By the first week of March, campus will become a wasteland of soggy campaign fliers and unbelievably persistent student candidates. Chances are that — like last year’s election — few will step up for the open positions and all of those who do are already involved in the bureaucratic bog of campus politics.

What’s worse is that nearly all of these people are in an extensive network of the Student Association clique — a group that, for all of their improvements, are still perpetuating the petty insider-ism that so often plagues legitimate governments. And though the SA’s election board announces the open seats every year, the races, if they are even contested at all, rarely draw the attention of the average student.

Campus is in the middle of a two-week window in which the election is open to any willing student. Blink and you might miss it, and the race will descend into the muddy disaster it was last year.

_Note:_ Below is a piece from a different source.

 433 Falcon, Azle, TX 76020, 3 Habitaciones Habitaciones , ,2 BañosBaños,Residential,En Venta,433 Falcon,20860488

Two of the election’s six positions were uncontested, and the other candidates seemed to spend more time piling grievances on each other than talking to students about their platforms. The battle for president between David Bass and Dave Belsky reached a crescendo with sexual blackmail, where tears and soundbites were shed and both candidates lost face.

Bass, a former e-board member himself, was championed by many as an SA-outsider. He (twice) defeated Belsky, the long-time king of the SA’s social court, on a platform of change and image reform (though the jury is out on any concrete results).

But what is more troubling is that this year’s election is shaping up to be a huge letdown.

From our basement office we’ve heard whispers and rumors of candidates “convincing” their would-be competitors to drop out or seek another position for a race that has yet to even begin.

Not only does a one-man race make for dull headlines, but it makes for a poor race and a poorer outcome.

Last year’s student government election suggested that the only talented and capable leaders already worked in the SA office, and we fear that it may end up the same way this semester. A healthy field of contenders in any contest prevents tyranny, but if (as we fear) the demagoguery of some members of the SA are weeding out their competitors, the student body’s chance to make an informed decision is undermined, and ultimately, so are their interests.